Before starting a campaign, role play can be used to test out the conversation starters and check how the caller performs in tricky situations. It’s a great way of helping them identify the objections the audience might have and seeing how they will handle them.
Capturing insight
Throughout the campaign, make sure call notes are reviewed regularly, to ensure the callers fully understand the proposition and are taking the right approach to get the desired results. It also provides an opportunity to refine the messaging and approach, or take another look at the data if necessary. As the campaign progresses, continue to share best practice among the team and use your call note reviews to make sure the correct balance of speaking and listening is taking place.
To best capture insight, make sure callers know how to put the CRM system to best use. Callers should know what makes a good lead, and what the lead criteria are. This means that when the leads are handed over to the sales team they’ll be able to follow them up effectively.

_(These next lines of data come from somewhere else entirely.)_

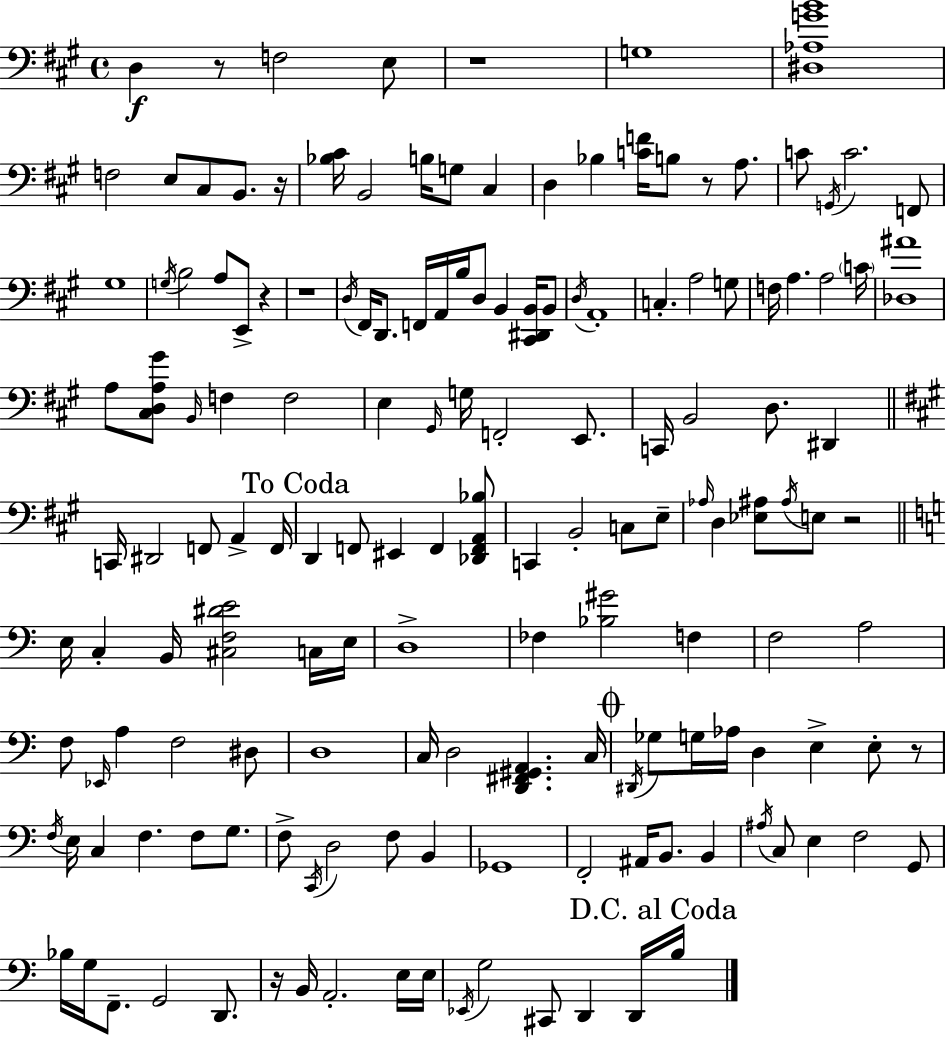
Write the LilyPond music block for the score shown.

{
  \clef bass
  \time 4/4
  \defaultTimeSignature
  \key a \major
  d4\f r8 f2 e8 | r1 | g1 | <dis aes g' b'>1 | \break f2 e8 cis8 b,8. r16 | <bes cis'>16 b,2 b16 g8 cis4 | d4 bes4 <c' f'>16 b8 r8 a8. | c'8 \acciaccatura { g,16 } c'2. f,8 | \break gis1 | \acciaccatura { g16 } b2 a8 e,8-> r4 | r1 | \acciaccatura { d16 } fis,16 d,8. f,16 a,16 b16 d8 b,4 | \break <cis, dis, b,>16 b,8 \acciaccatura { d16 } a,1-. | c4.-. a2 | g8 f16 a4. a2 | \parenthesize c'16 <des ais'>1 | \break a8 <cis d a gis'>8 \grace { b,16 } f4 f2 | e4 \grace { gis,16 } g16 f,2-. | e,8. c,16 b,2 d8. | dis,4 \bar "||" \break \key a \major c,16 dis,2 f,8 a,4-> f,16 | \mark "To Coda" d,4 f,8 eis,4 f,4 <des, f, a, bes>8 | c,4 b,2-. c8 e8-- | \grace { aes16 } d4 <ees ais>8 \acciaccatura { ais16 } e8 r2 | \break \bar "||" \break \key c \major e16 c4-. b,16 <cis f dis' e'>2 c16 e16 | d1-> | fes4 <bes gis'>2 f4 | f2 a2 | \break f8 \grace { ees,16 } a4 f2 dis8 | d1 | c16 d2 <d, fis, gis, a,>4. | c16 \mark \markup { \musicglyph "scripts.coda" } \acciaccatura { dis,16 } ges8 g16 aes16 d4 e4-> e8-. | \break r8 \acciaccatura { f16 } e16 c4 f4. f8 | g8. f8-> \acciaccatura { c,16 } d2 f8 | b,4 ges,1 | f,2-. ais,16 b,8. | \break b,4 \acciaccatura { ais16 } c8 e4 f2 | g,8 bes16 g16 f,8.-- g,2 | d,8. r16 b,16 a,2.-. | e16 e16 \acciaccatura { ees,16 } g2 cis,8 | \break d,4 d,16 \mark "D.C. al Coda" b16 \bar "|."
}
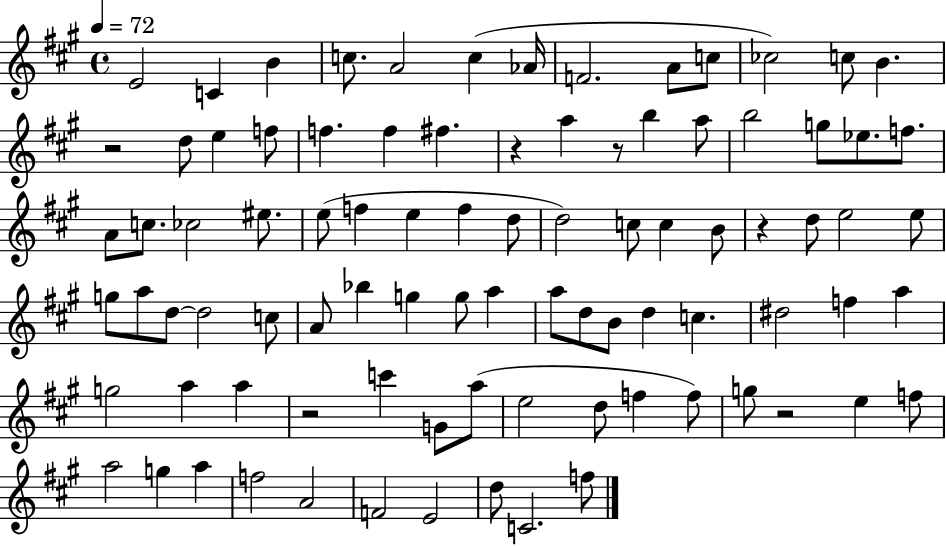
E4/h C4/q B4/q C5/e. A4/h C5/q Ab4/s F4/h. A4/e C5/e CES5/h C5/e B4/q. R/h D5/e E5/q F5/e F5/q. F5/q F#5/q. R/q A5/q R/e B5/q A5/e B5/h G5/e Eb5/e. F5/e. A4/e C5/e. CES5/h EIS5/e. E5/e F5/q E5/q F5/q D5/e D5/h C5/e C5/q B4/e R/q D5/e E5/h E5/e G5/e A5/e D5/e D5/h C5/e A4/e Bb5/q G5/q G5/e A5/q A5/e D5/e B4/e D5/q C5/q. D#5/h F5/q A5/q G5/h A5/q A5/q R/h C6/q G4/e A5/e E5/h D5/e F5/q F5/e G5/e R/h E5/q F5/e A5/h G5/q A5/q F5/h A4/h F4/h E4/h D5/e C4/h. F5/e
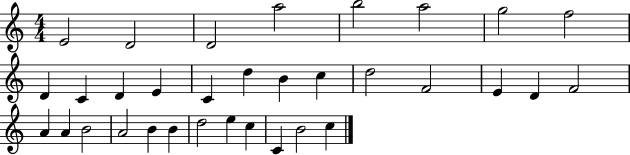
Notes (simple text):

E4/h D4/h D4/h A5/h B5/h A5/h G5/h F5/h D4/q C4/q D4/q E4/q C4/q D5/q B4/q C5/q D5/h F4/h E4/q D4/q F4/h A4/q A4/q B4/h A4/h B4/q B4/q D5/h E5/q C5/q C4/q B4/h C5/q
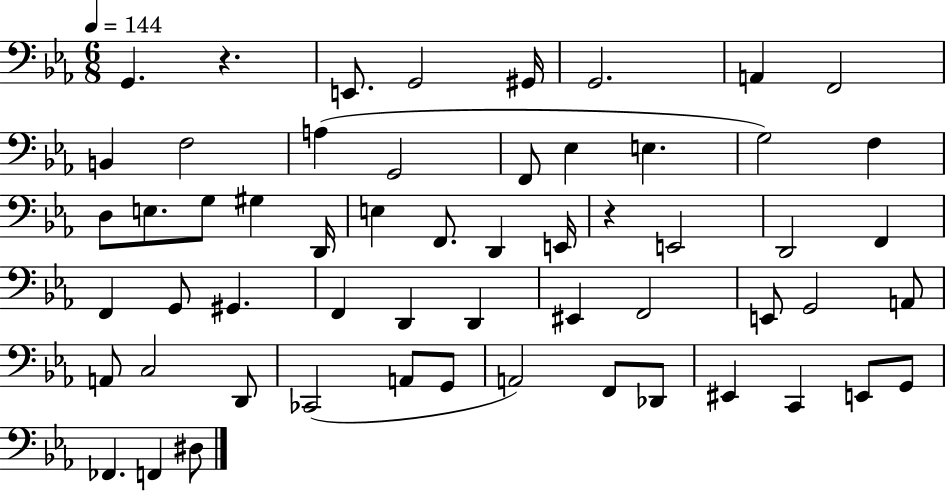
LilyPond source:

{
  \clef bass
  \numericTimeSignature
  \time 6/8
  \key ees \major
  \tempo 4 = 144
  \repeat volta 2 { g,4. r4. | e,8. g,2 gis,16 | g,2. | a,4 f,2 | \break b,4 f2 | a4( g,2 | f,8 ees4 e4. | g2) f4 | \break d8 e8. g8 gis4 d,16 | e4 f,8. d,4 e,16 | r4 e,2 | d,2 f,4 | \break f,4 g,8 gis,4. | f,4 d,4 d,4 | eis,4 f,2 | e,8 g,2 a,8 | \break a,8 c2 d,8 | ces,2( a,8 g,8 | a,2) f,8 des,8 | eis,4 c,4 e,8 g,8 | \break fes,4. f,4 dis8 | } \bar "|."
}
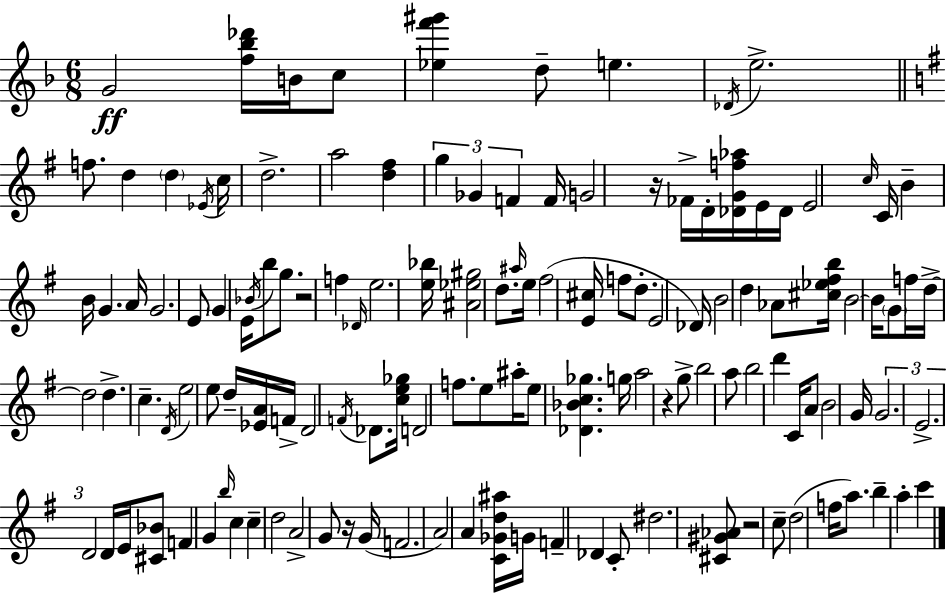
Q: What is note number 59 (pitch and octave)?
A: C5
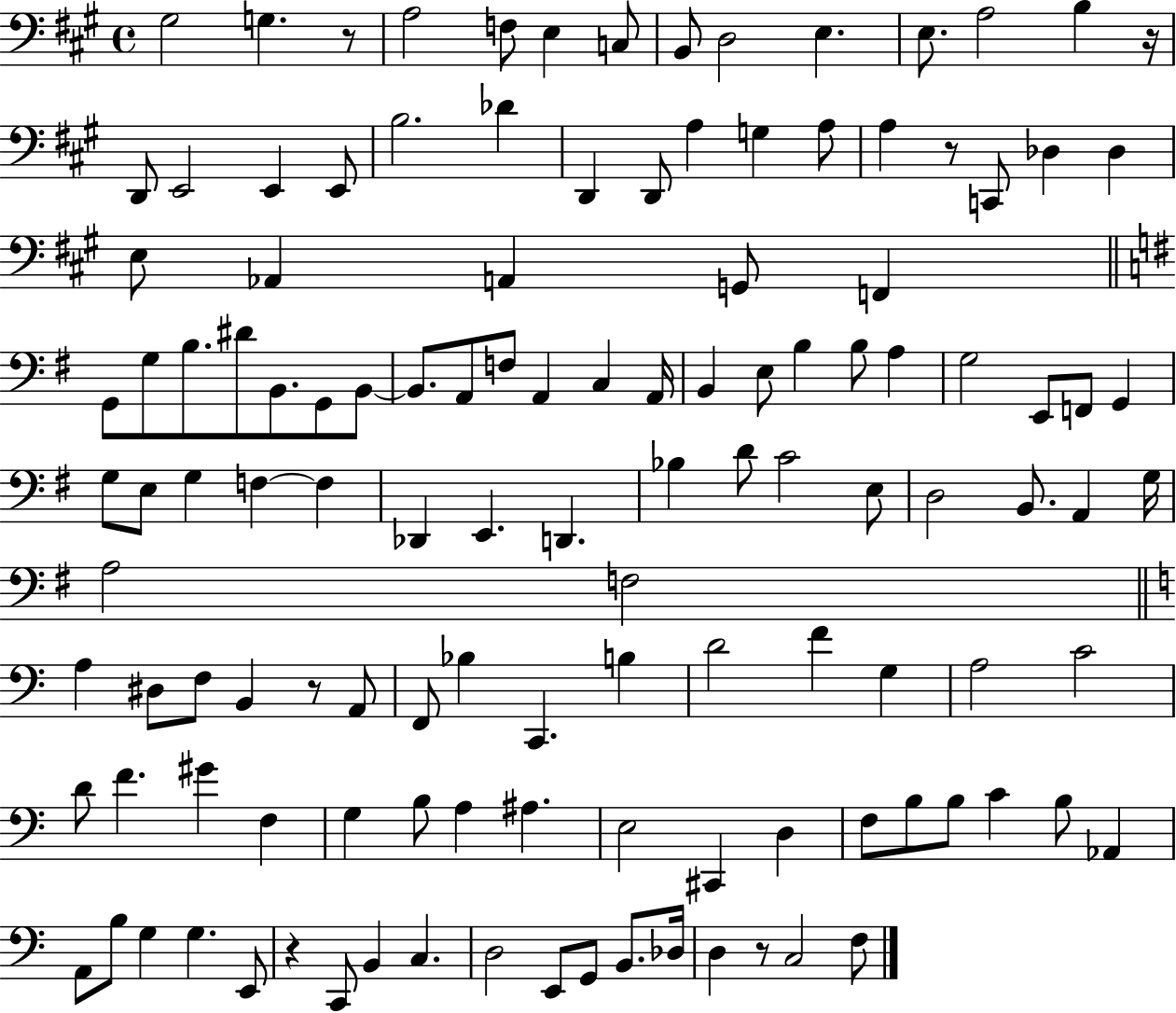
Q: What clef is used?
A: bass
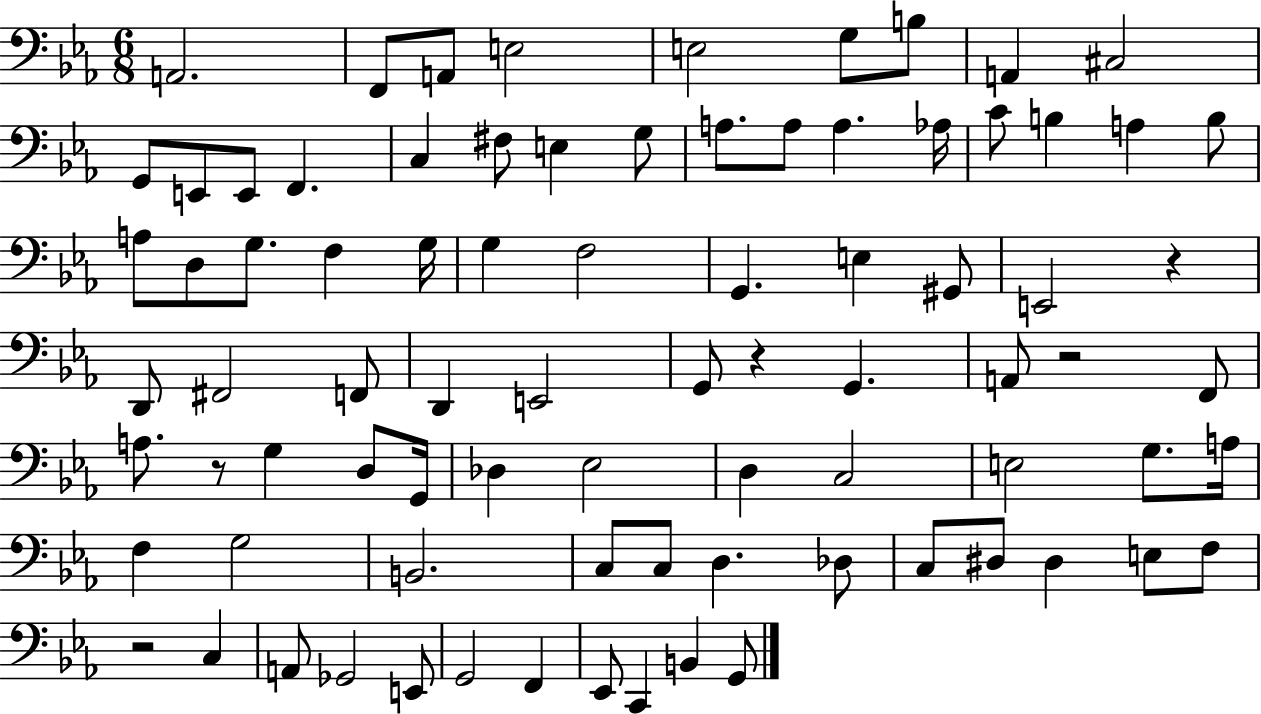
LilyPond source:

{
  \clef bass
  \numericTimeSignature
  \time 6/8
  \key ees \major
  a,2. | f,8 a,8 e2 | e2 g8 b8 | a,4 cis2 | \break g,8 e,8 e,8 f,4. | c4 fis8 e4 g8 | a8. a8 a4. aes16 | c'8 b4 a4 b8 | \break a8 d8 g8. f4 g16 | g4 f2 | g,4. e4 gis,8 | e,2 r4 | \break d,8 fis,2 f,8 | d,4 e,2 | g,8 r4 g,4. | a,8 r2 f,8 | \break a8. r8 g4 d8 g,16 | des4 ees2 | d4 c2 | e2 g8. a16 | \break f4 g2 | b,2. | c8 c8 d4. des8 | c8 dis8 dis4 e8 f8 | \break r2 c4 | a,8 ges,2 e,8 | g,2 f,4 | ees,8 c,4 b,4 g,8 | \break \bar "|."
}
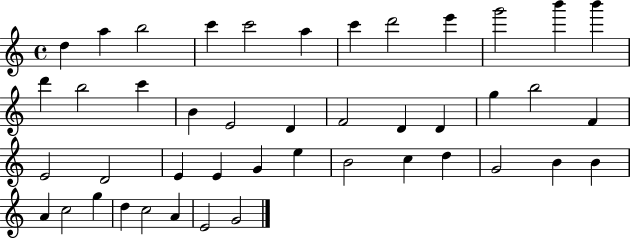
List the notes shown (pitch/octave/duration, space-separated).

D5/q A5/q B5/h C6/q C6/h A5/q C6/q D6/h E6/q G6/h B6/q B6/q D6/q B5/h C6/q B4/q E4/h D4/q F4/h D4/q D4/q G5/q B5/h F4/q E4/h D4/h E4/q E4/q G4/q E5/q B4/h C5/q D5/q G4/h B4/q B4/q A4/q C5/h G5/q D5/q C5/h A4/q E4/h G4/h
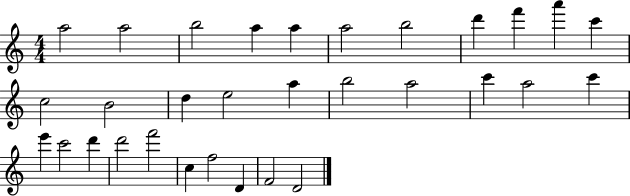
A5/h A5/h B5/h A5/q A5/q A5/h B5/h D6/q F6/q A6/q C6/q C5/h B4/h D5/q E5/h A5/q B5/h A5/h C6/q A5/h C6/q E6/q C6/h D6/q D6/h F6/h C5/q F5/h D4/q F4/h D4/h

Also make sure callers are shown how to capture relevant information in a way that is easy to report on and share with client sales teams. This avoids tricky situations later on.
Most importantly, ensure callers can feed any insight back into the messaging, to continue improving the effectiveness of the campaign. This requires close collaboration with the data team to make sure the information and contacts that the callers have is the best it can be. Callers also need to liaise closely with the marketing team to ensure that any messaging can be kept updated on prospect conversations.
Insight from caller conversations can be fed back into the contact data to strengthen the information held, which helps with the delivery of effective nurture campaigns. This also enables new contacts to be built, adding to the data set for the campaign and providing fresh opportunities.
These are just the essential steps to make your telemarketing more effective. Each team and every campaign will have its own characteristics and you will need to refine your approach according to the objectives of the campaign.
But if you give your callers the information they need, review and refresh your approach regularly, and let the team bring their own personalities to the process of opening conversations, you will see improving results throughout each campaign.